Robbie Fleck
- Born: Robert Frank Fleck 17 July 1975 (age 50) Cape Town, South Africa
- Height: 6.0 ft (1.8 m)
- Weight: 15 st (95 kg)
- School: Bishops
- University: University of Cape Town

Rugby union career
- Position: Centre

Senior career
- Years: Team / Apps / (Points)
- 2003–2004: Bath Rugby / 13 / (5)

Provincial / State sides
- Years: Team / Apps / (Points)
- 1997–2003: Western Province / 56 / (70)

Super Rugby
- Years: Team / Apps / (Points)
- 1998–2003: Stormers / 48 / (80)

International career
- Years: Team / Apps / (Points)
- 1999–2002: South Africa / 31 / (50)

= Robbie Fleck =

South African rugby union player (born 1975)

Robert Frank Fleck better known as Robbie (born 17 July 1975 in Cape Town) is a former rugby union footballer who played at centre for South Africa.
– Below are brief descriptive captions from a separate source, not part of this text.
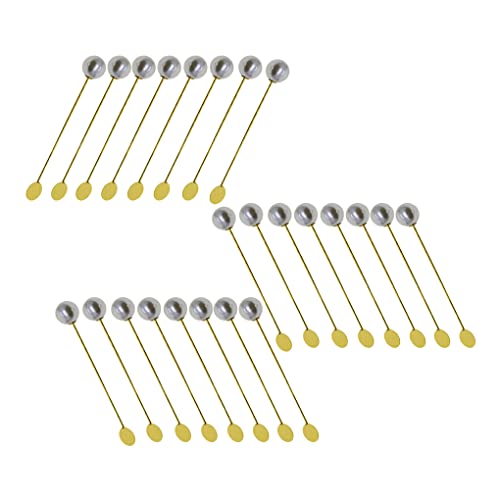 24 Stück Runde Tablett Anstecknadeln Edelstahl Sicherheitsblank Broschen Kleid Kleidung Abzeichen DIY Modeschmuck Herstellung Geschenke, Gold, Perlenstopper 24 Stück Runde Tablett Anstecknadeln Edelstahl Sicherheitsblank Broschen Kleid Kleidung Abzeichen DIY Modeschmuck Herstellung Geschenke, Gold, Perlenstopper von Topsevie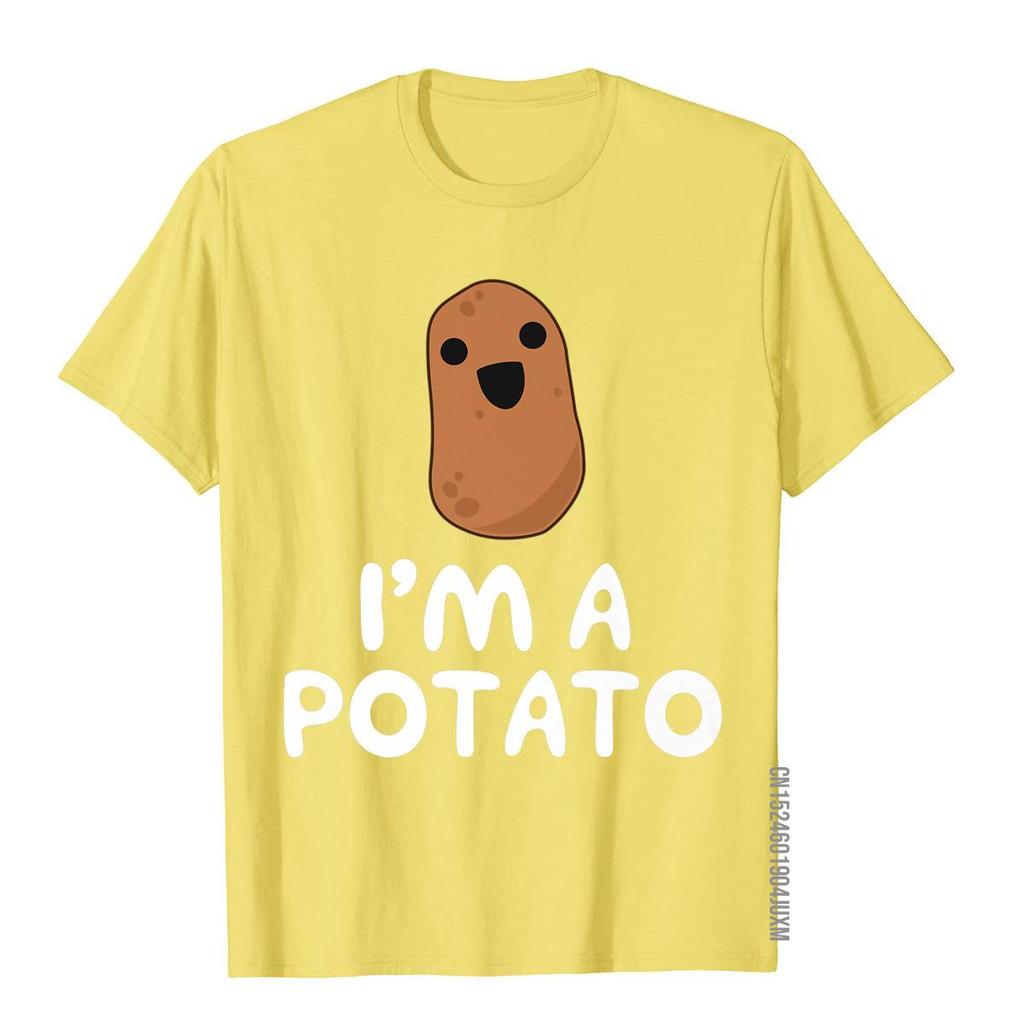 Im A Potato Funny Potato Tshirt Vegetable Food Gag Gift Tshirt Cotton Unisex Top Tshirts Moto Biker Tees Company 3d Style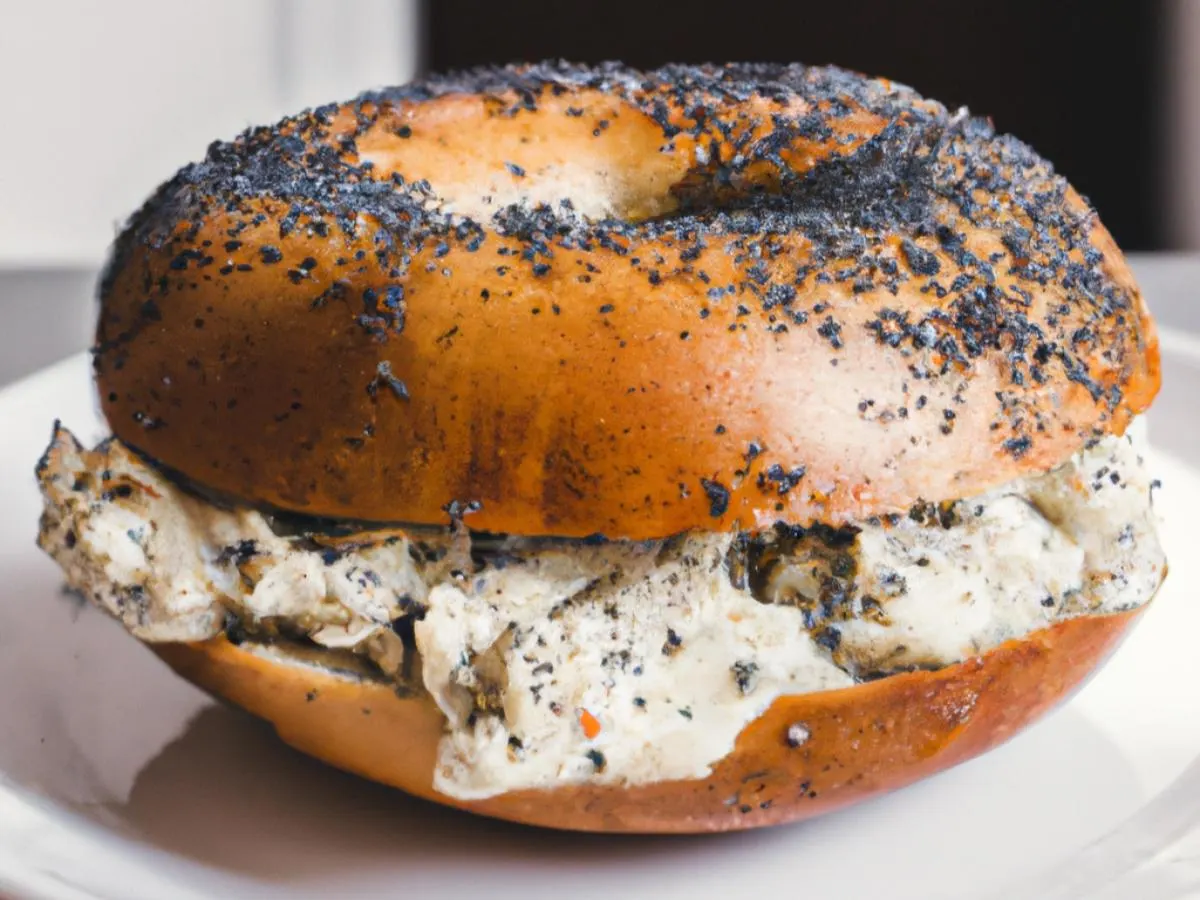 Poppy Seed Bagel with Vegan Tofu Cream (Boxed) Poppy Seed Bagel with Vegan Tofu Cream (Boxed)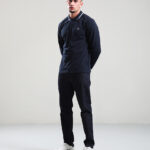 Siren Long Sleeve Tipped Polo Shirt // Navy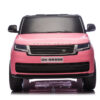 2-Persoons Range Rover, 24V Elektrische Kinderauto, MP4-Scherm, Rubberen Banden, Leder Zitting – roze – afbeelding 3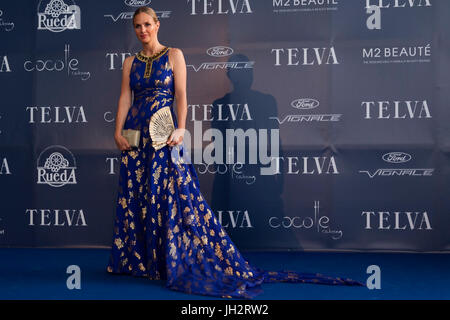 Genoveva Casanova dans le 'T' accorde aux arts, sciences sociales et sport, amener par Telva magazine. Dans le palais des arts Reine Sofia de Valence. À Valence à 12 Juillet, 2017. Banque D'Images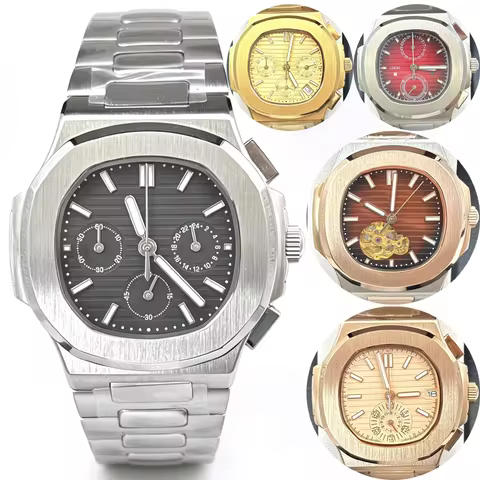 42mm Unisex Watch Birthday Anniversary Gift of All Love For Him And Her For Seiko Nautilus VK63 VK61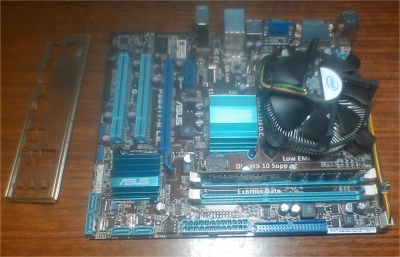 Лот: 7237460. Фото: 1. Сборка Asus P5G41T-M Le + Pentium... Компьютеры в сборе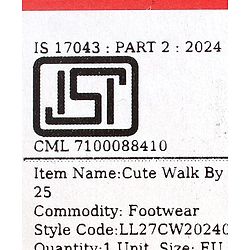 Cute Walk by Babyhug Casual Shoes Solid Color With Logo Print  - Black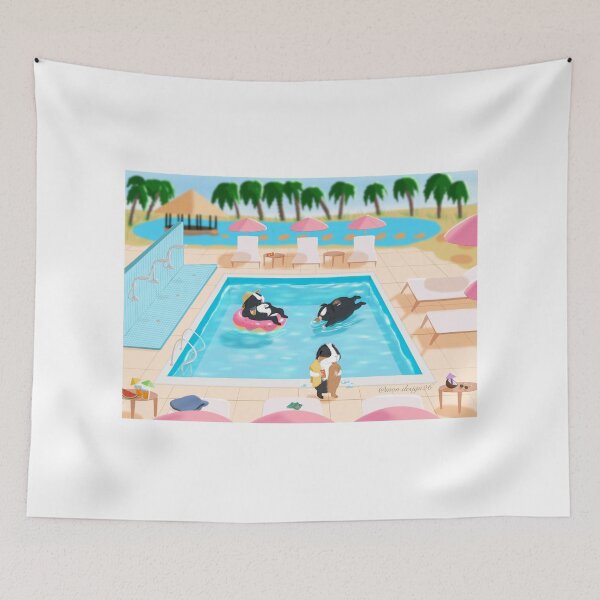 Aperçu de l'œuvre À côté de la piscine créée et vendue par mondesign26.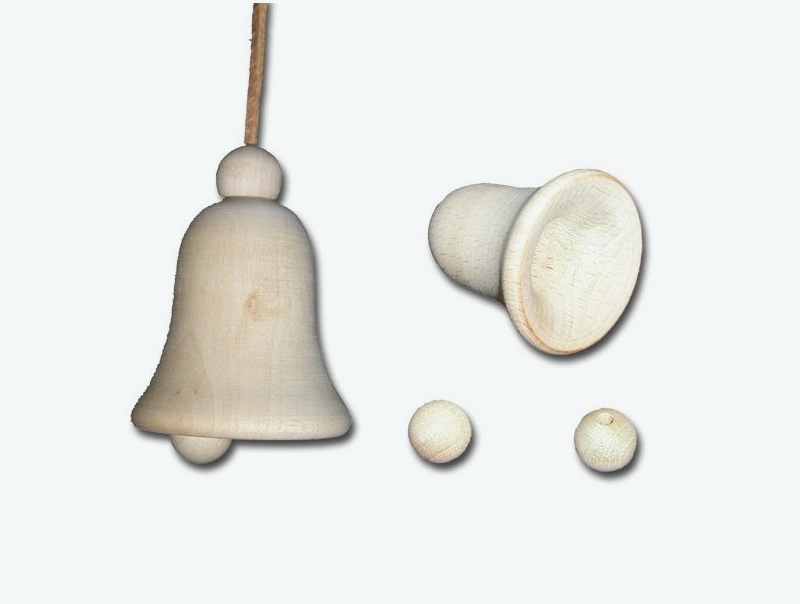 Dřevěný zvoneček - SADA
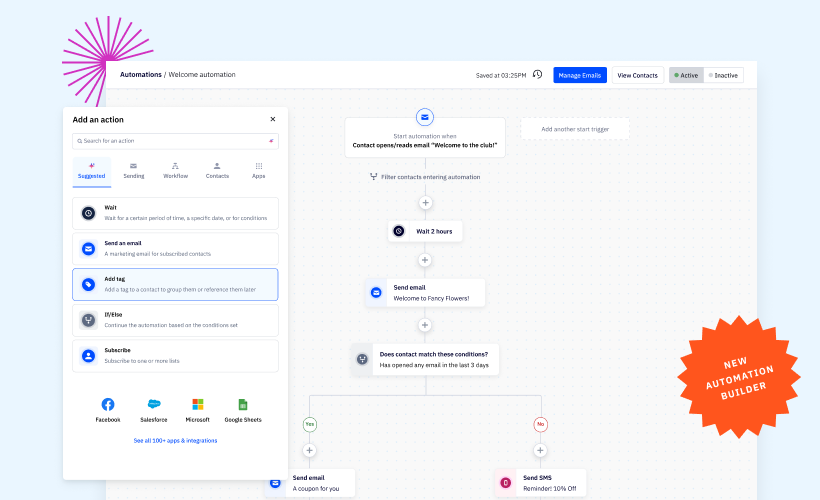 ActiveCampaign Automation Builder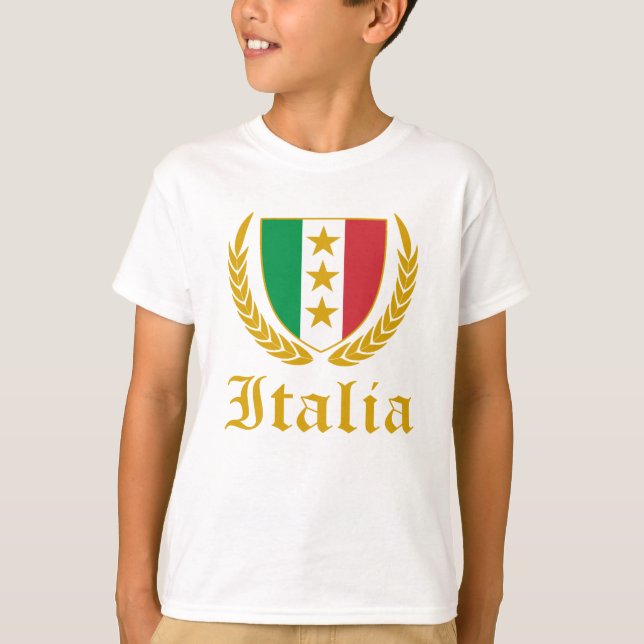 Italia Crest T-Shirt (Front)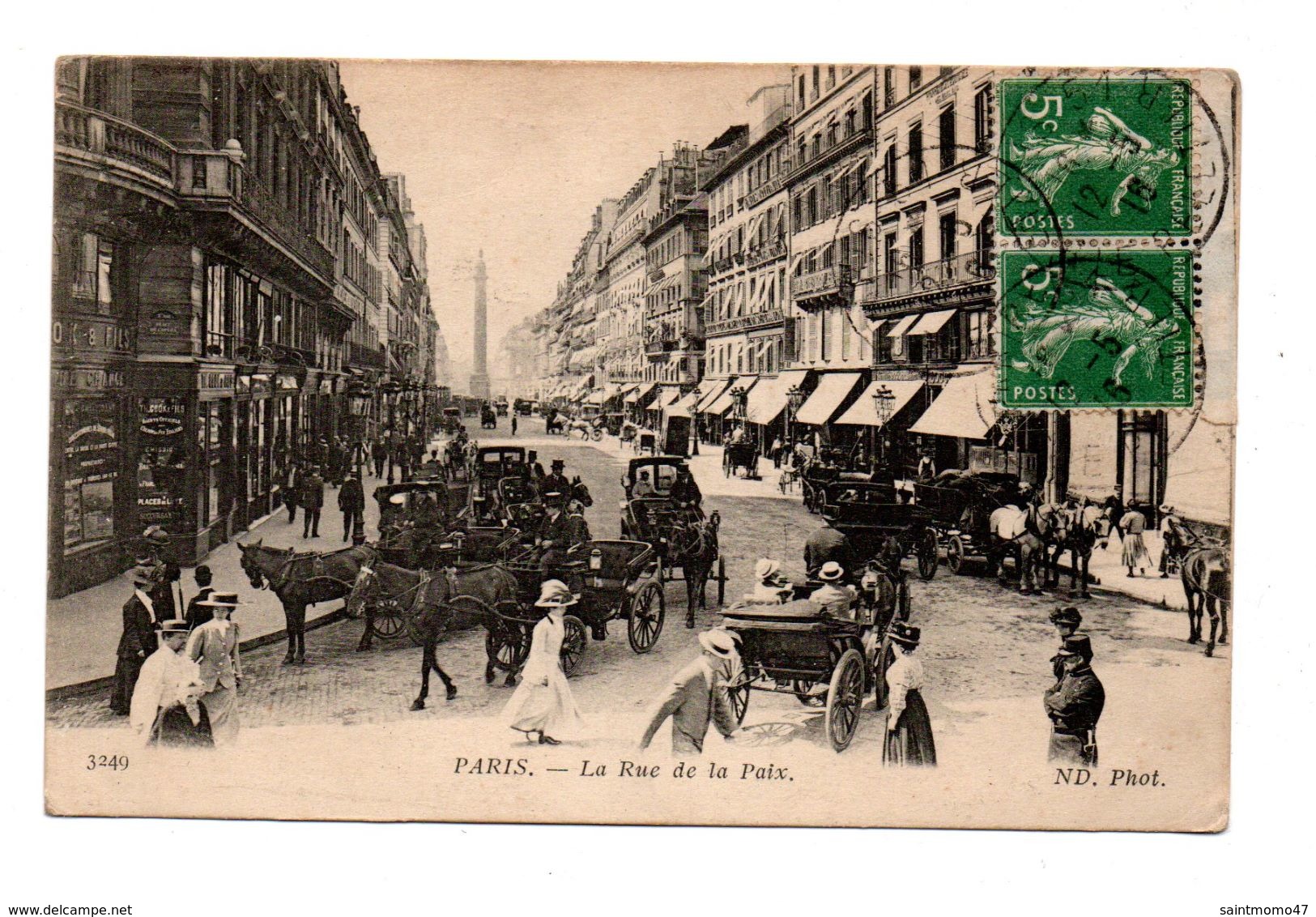 75 - PARIS . LA RUE DE LA PAIX - Réf. N°7900 - - Autres & Non Classés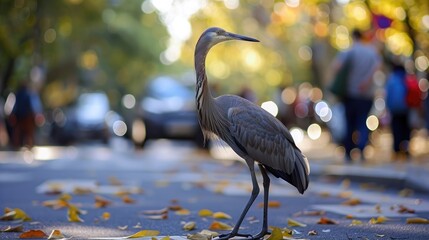 Avian in the street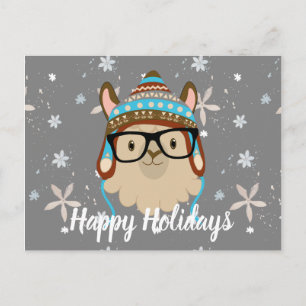 Holiday Hipster Llama Briefkaart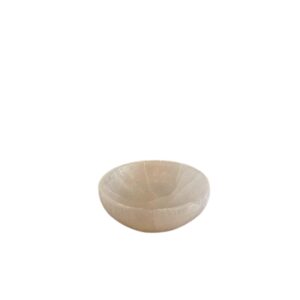 Bol Rond en Sélénite - 10 cm- Vendu par 1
He is also the former head coach of the team.

He made his international debut in the Tour of the UK & Ireland in 1998 and went on to make his test debut in 1999 against Italy.

He played for Bath Rugby in the English Premiership for a number of seasons.

Fleck attended Wynberg Boys' High School and Diocesan College in Cape Town.

At Bishops College Fleck played for their First XV in the same team alongside Herschelle Gibbs and Selborne Boome.